The drafting process doesn’t come naturally to me, and as such, at times I find it frustrating. During my early development as a writer, I was extremely compelled to edit as I wrote, and if I couldn’t figure out just how I wanted to phrase something, I wouldn’t write it. That lead to nothing ever getting written, as that level of perfectionism is the enemy of creativity. It wasn’t until I started telling myself to just write SOMETHING, no matter how bad it was, no matter how far away from what I was envisioning, that I started actually making progress.

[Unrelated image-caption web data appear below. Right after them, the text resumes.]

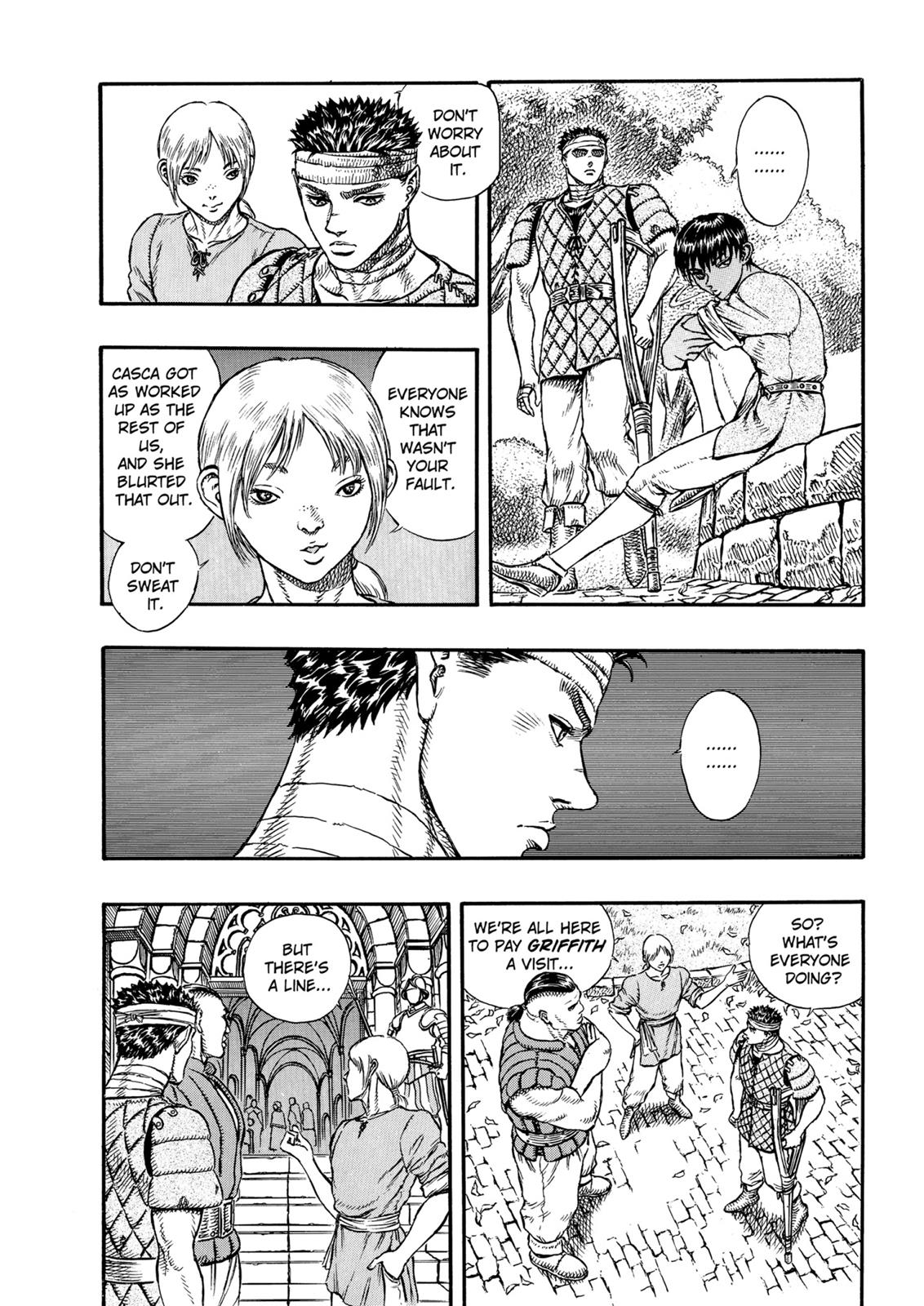 Read Berserk chapter 5.9 image 7 on Lezhin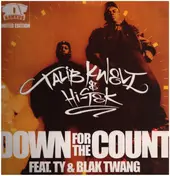 Talib Kweli - Down for the Count feat. Ty & Blak Twang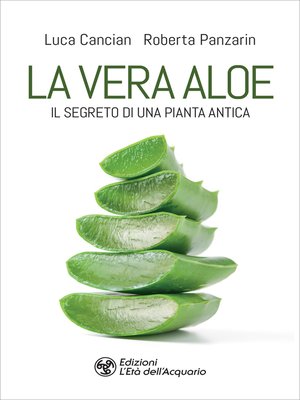cover image of La vera aloe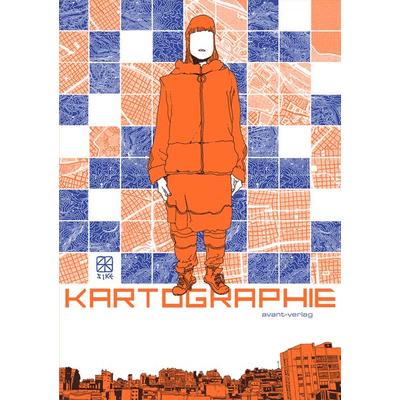 Kartographie, Gebundene Ausgabe von Sike, Avant-verlag GmbH, 978-3-96445-126-2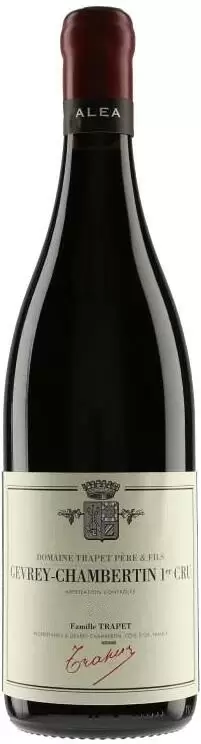 Вино Domaine Trapet Pere & Fils Gevrey-Chambertin 1-er Cru Alea 2013 г. 0.75 л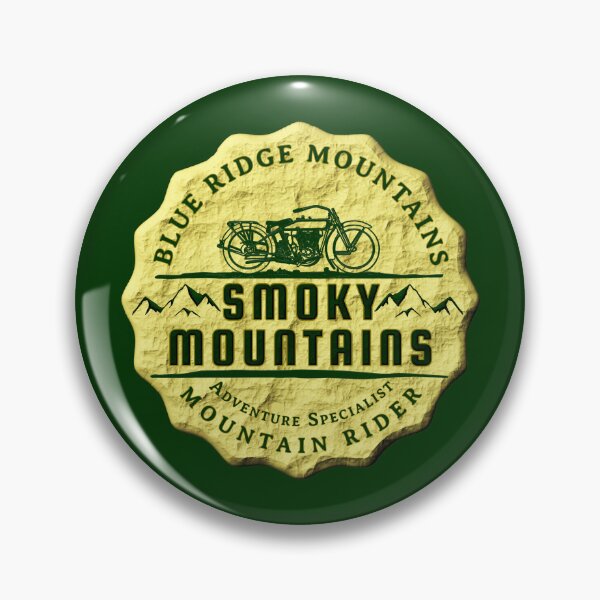 Item preview, Smoky Mountains Rider designed and sold by SoldierAlways.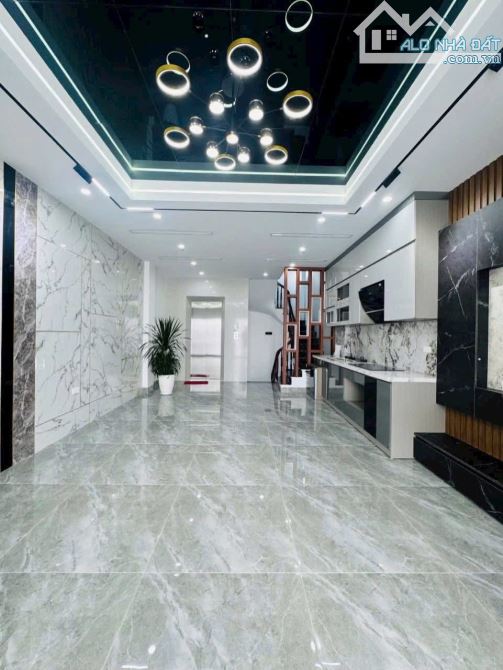SIÊU PHẨM 918 PHÚC ĐỒNG,LONG BIÊN.7 TẦNG THANG MÁY,NHÀ MỚI,KINH DOANH ĐỈNH.GIÁ HƠN 16 TỶ. - 2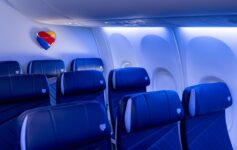 Southwest Airlines plus-size policy
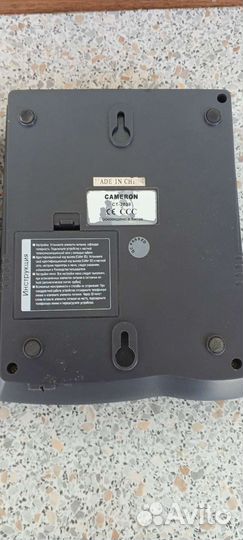 Проводной телефон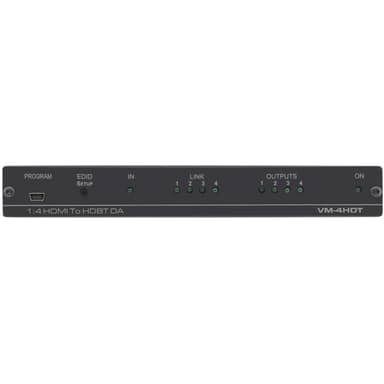 Kramer VM-4HDT 1:4 4K HDMI to HDBaseT Distribution Amplifier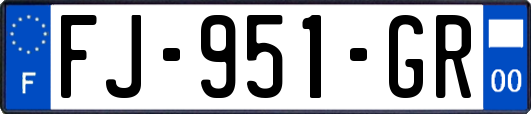 FJ-951-GR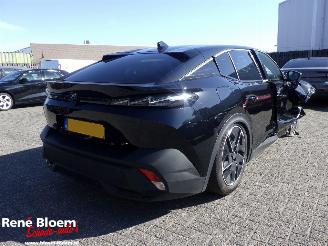 skadebil auto Peugeot 408 1.2 Hybrid 145 e-DCSG GT 2025/7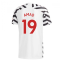 2020-2021 Man Utd Adidas Third Football Shirt (Amad 19)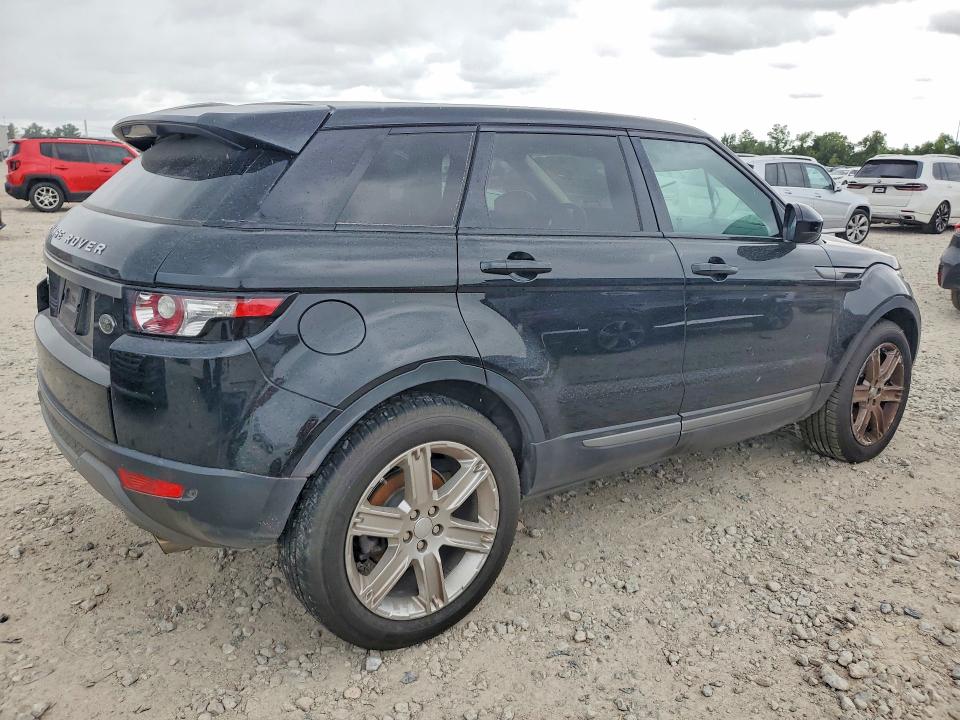 2015 Land Rover Range Rover Evoque მანქანა იყიდება აუქციონზე, vin: SALVP2BGXFH070230, აუქციონის ნომერი: 62372026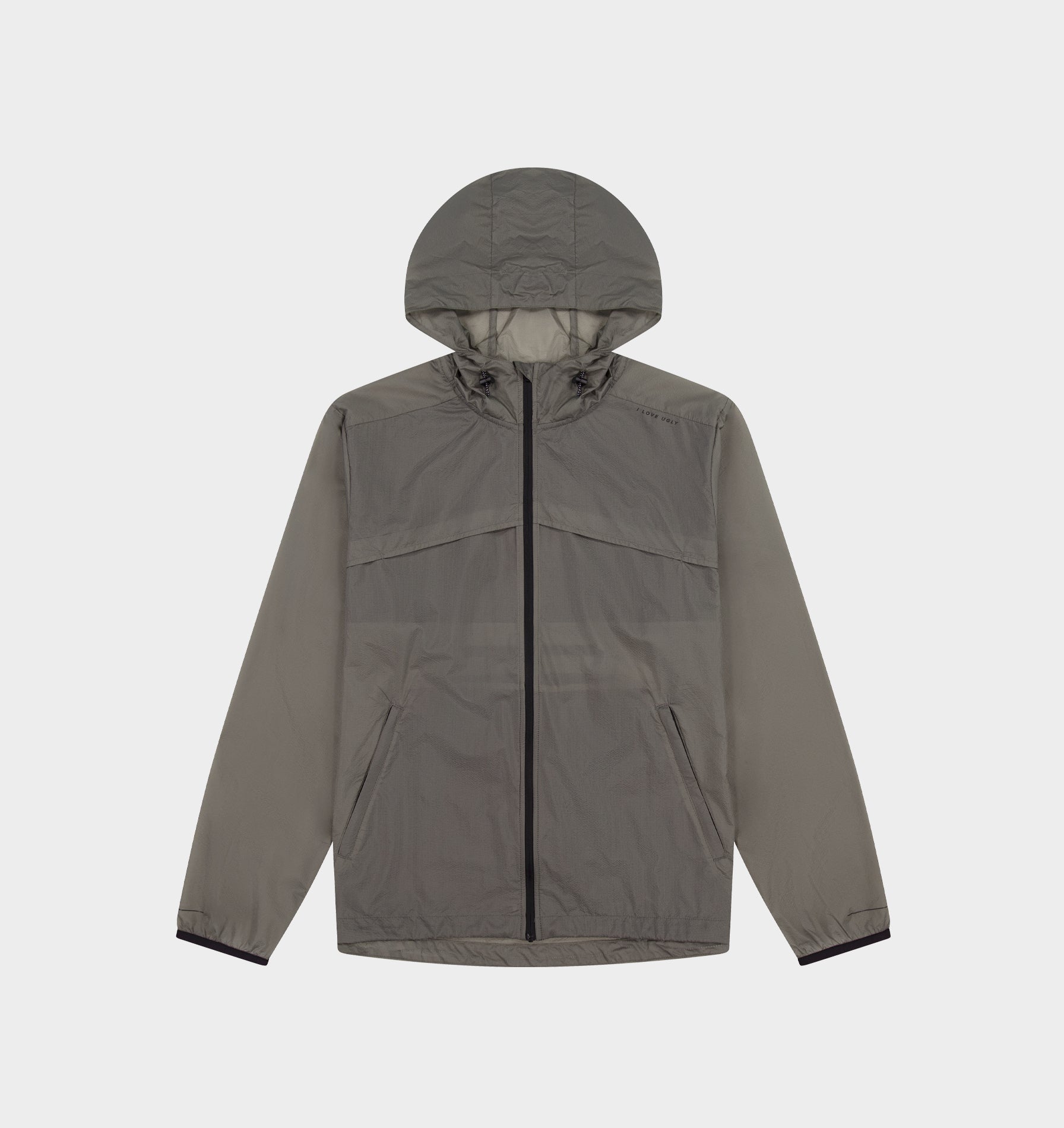 Active Windbreaker - Ash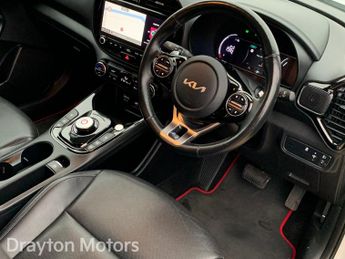 Kia Soul EV 64kwh Explore Suv 5dr Electric Auto (201 Bhp)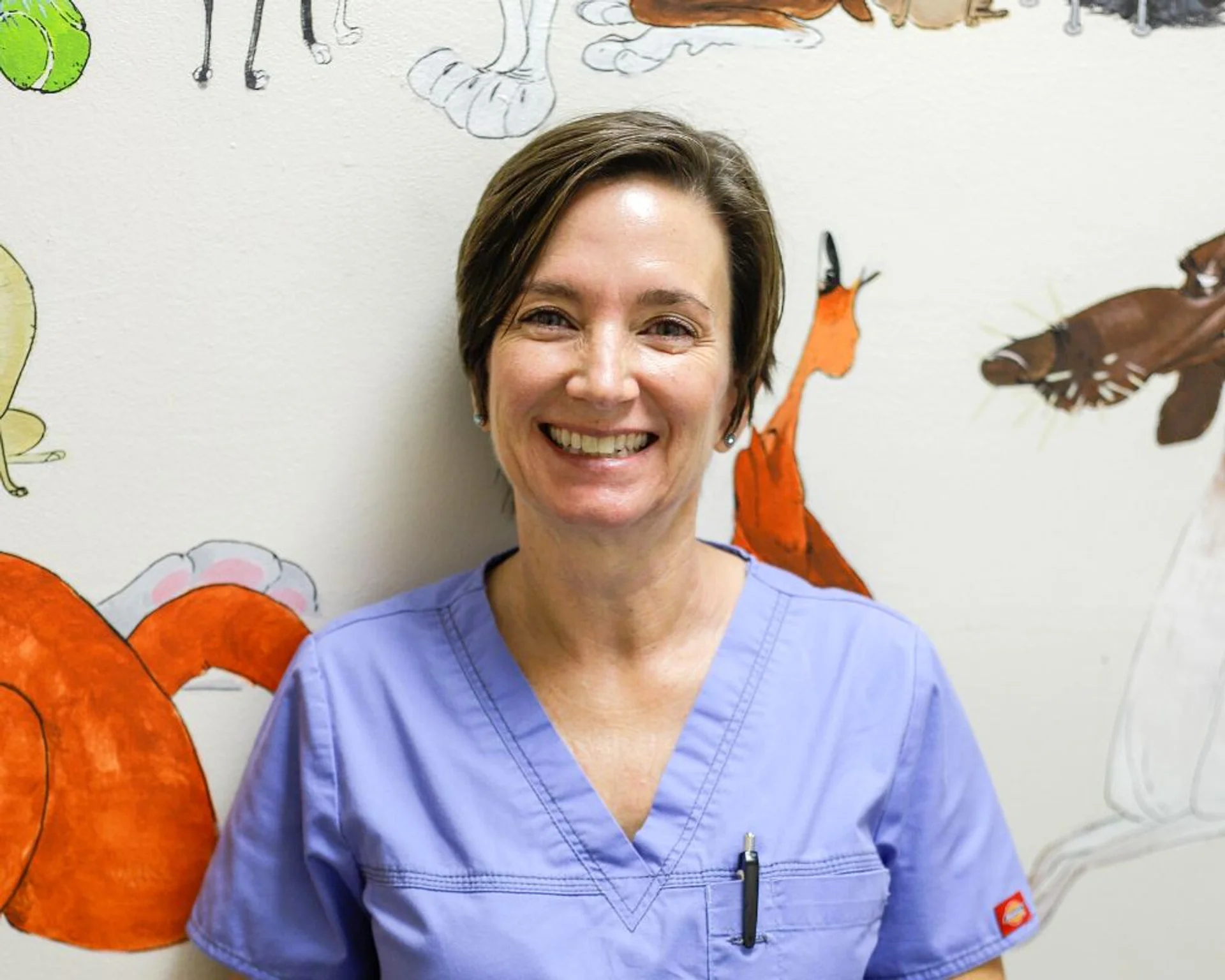 Dr. Baker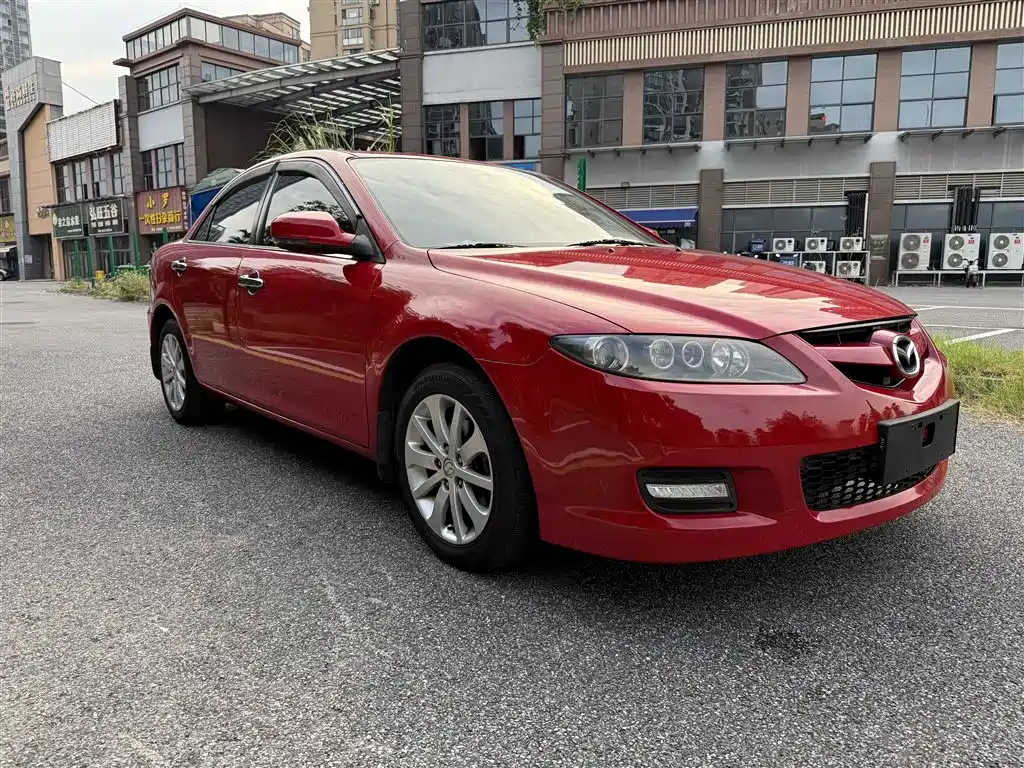 Mazda6 2013 2.0L automatic fashion model купить на сайте DeffCars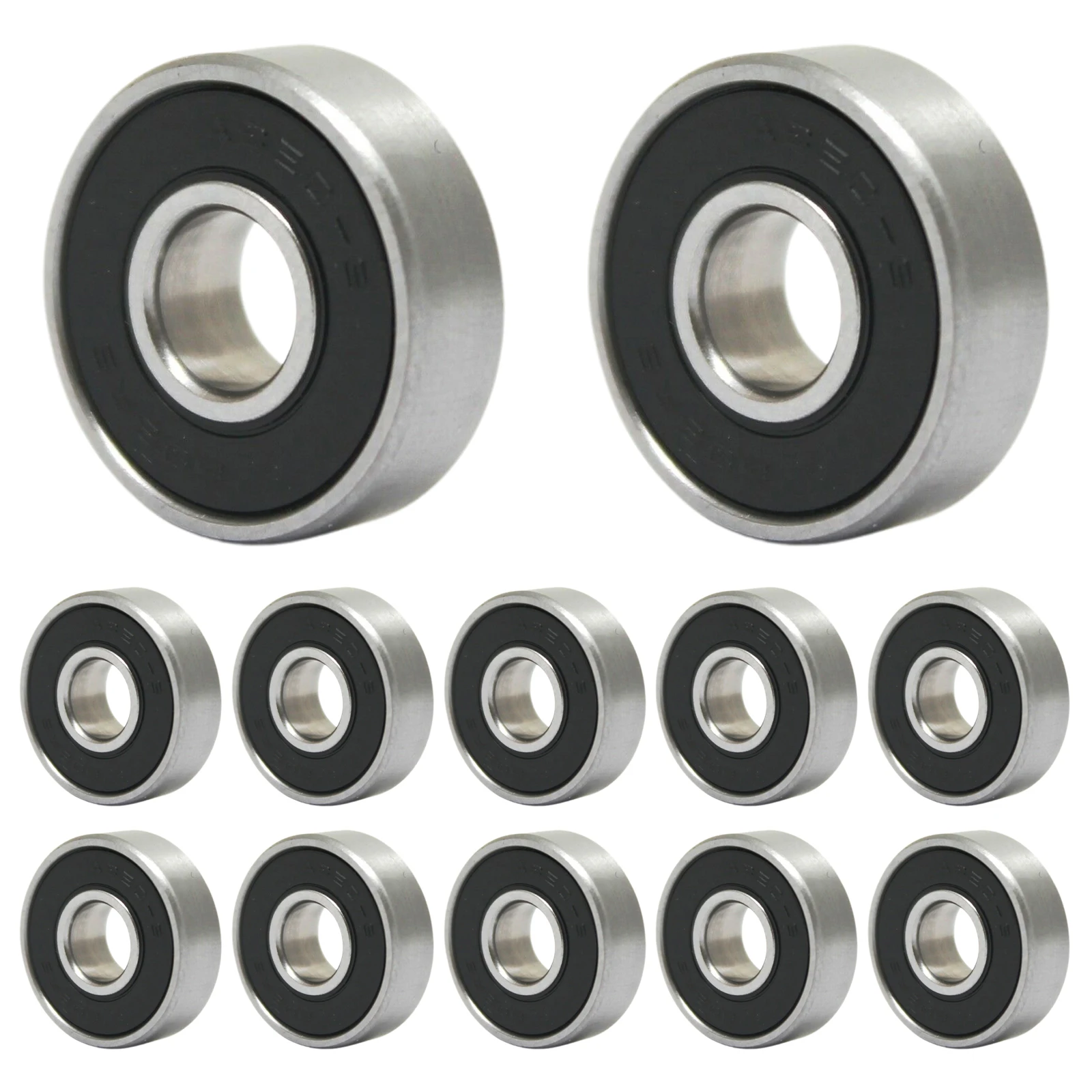 1SET 608zz Skateboard Ball Bearing High Carbon Steel For Skateboards Longboards Inline Skating Bearing Accessories
1SET 608zz Skateboard Ball Bearing High Carbon Steel For Skateboards Longboards Inline Skating Bearing Accessories
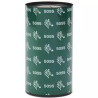 TTR ORIGINALE ZEBRA ZIPSHIP 5095 NASTRO A TRASFERIMENTO TERMICO ORIGINALI - NASTRI IN RESINA - ANIMA DA 12,7 MM, LARGHEZZA 110 M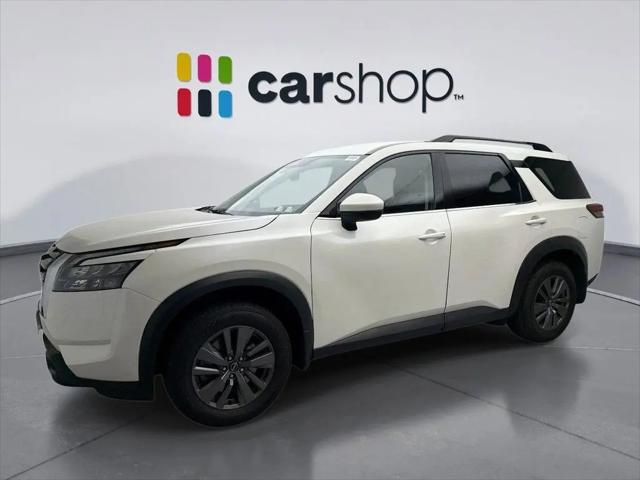 2024 Nissan Pathfinder SV FWD for sale in Cranberry Twp, PA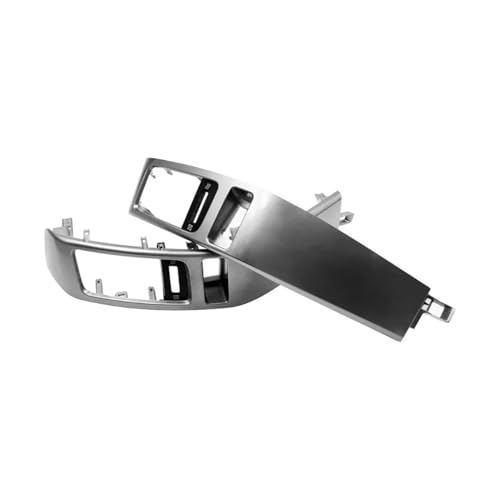 Rejilla de ventilación auto AC y marco de salida de aire para Toyota Prado 120 2003-2009 4
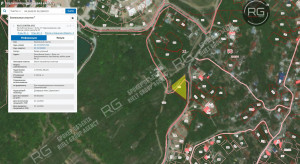 Миниатюра 9, Участок в Краснокаменке, 12 соток, Крым Республика, Краснокаменка п.г.т., Фрунзе пер., д.23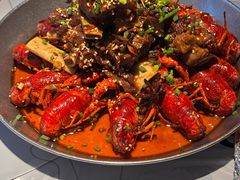 -巴厘龙虾·榜首油焖大虾(洞庭·艺术洋房店)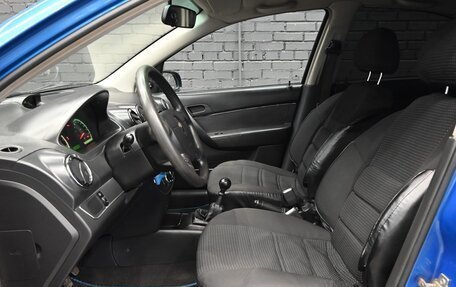 Chevrolet Aveo III, 2008 год, 320 000 рублей, 10 фотография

Of course, when you finally start working that way, you need to next confront the challenge that is the process of revising. This too did not come naturally to me. Most of the time, when I write something flawed I can tell that there’s something not right about it- though not always, never discount the value of other sets of eyes -but just couldn’t figure out how to do it properly instead. I am subjected to the feeling of “Well, if I knew what it was supposed to be, I would have written it that way the first time!” Which is of course an utter fallacy, but it’s one I have to work through.

The two ways I combat this are as follows. First I resign myself to the fact that the first draft is going to suck. I don’t shoot for “good” or “accurate” the first time around; I just shoot for finished. I get some semblance of a complete telling of my story. I chunk it down into small pieces; scenes are usually for me the most convenient. When that first very, very rough draft is finished, then I like to do a second pass, seeing if any easy or obvious fixes jump out at me. The result of that, which I continue to pick at, becomes draft two.

The second things is having friends come over to read the script and give opinions. That has been amazingly helpful for me. It gives me fresh perspectives, and allows me a little bit of critical distance that enables me to see what I wrote in a new way. That often gets me passed that “if I knew how it should be I would have written it that way the first time” feeling. I’m so lucky and grateful for friends who come over and do this for me; I owe them so much. I then do the next round of edits based on their comments. Often I have a reading of this third draft as well, and that second round of responses often leads to the more or less finalized version.

And now I’m writing about writing in order to procrastinate writing. That’s enough of that! Back to the work that got me thinking about this in the first place.